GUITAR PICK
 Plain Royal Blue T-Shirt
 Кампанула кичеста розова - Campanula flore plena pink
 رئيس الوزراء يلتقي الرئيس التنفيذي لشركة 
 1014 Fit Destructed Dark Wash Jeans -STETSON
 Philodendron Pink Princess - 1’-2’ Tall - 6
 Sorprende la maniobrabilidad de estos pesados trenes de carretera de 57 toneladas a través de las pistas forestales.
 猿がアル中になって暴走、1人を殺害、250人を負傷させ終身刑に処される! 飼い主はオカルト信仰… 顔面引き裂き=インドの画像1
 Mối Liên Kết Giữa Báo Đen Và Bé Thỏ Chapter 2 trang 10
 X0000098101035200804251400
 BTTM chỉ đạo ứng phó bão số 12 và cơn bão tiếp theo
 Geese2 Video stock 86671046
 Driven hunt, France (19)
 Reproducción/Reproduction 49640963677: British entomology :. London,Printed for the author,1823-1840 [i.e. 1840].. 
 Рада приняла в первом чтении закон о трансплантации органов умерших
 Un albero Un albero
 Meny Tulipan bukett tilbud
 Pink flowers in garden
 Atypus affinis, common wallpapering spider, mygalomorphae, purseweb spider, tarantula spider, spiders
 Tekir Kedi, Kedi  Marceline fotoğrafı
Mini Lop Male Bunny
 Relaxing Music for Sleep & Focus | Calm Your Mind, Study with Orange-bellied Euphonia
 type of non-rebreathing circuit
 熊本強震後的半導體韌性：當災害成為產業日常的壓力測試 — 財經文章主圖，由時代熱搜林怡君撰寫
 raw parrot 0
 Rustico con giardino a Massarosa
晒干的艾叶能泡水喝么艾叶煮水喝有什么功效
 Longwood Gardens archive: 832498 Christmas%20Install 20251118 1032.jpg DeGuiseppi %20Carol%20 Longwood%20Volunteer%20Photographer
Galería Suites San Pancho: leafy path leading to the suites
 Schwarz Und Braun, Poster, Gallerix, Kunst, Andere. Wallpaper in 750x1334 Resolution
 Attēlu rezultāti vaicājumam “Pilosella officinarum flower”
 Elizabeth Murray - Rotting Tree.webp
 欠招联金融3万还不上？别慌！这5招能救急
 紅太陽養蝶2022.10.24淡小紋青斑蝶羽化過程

::::::::::

* _Exercise requirements_:
An exact transcription of the lines from the start of the listing through the line bearing "X0000098101035200804251400" is the whole answer.

* _Problem solution_:
GUITAR PICK
 Plain Royal Blue T-Shirt
 Кампанула кичеста розова - Campanula flore plena pink
 رئيس الوزراء يلتقي الرئيس التنفيذي لشركة 
 1014 Fit Destructed Dark Wash Jeans -STETSON
 Philodendron Pink Princess - 1’-2’ Tall - 6
 Sorprende la maniobrabilidad de estos pesados trenes de carretera de 57 toneladas a través de las pistas forestales.
 猿がアル中になって暴走、1人を殺害、250人を負傷させ終身刑に処される! 飼い主はオカルト信仰… 顔面引き裂き=インドの画像1
 Mối Liên Kết Giữa Báo Đen Và Bé Thỏ Chapter 2 trang 10
 X0000098101035200804251400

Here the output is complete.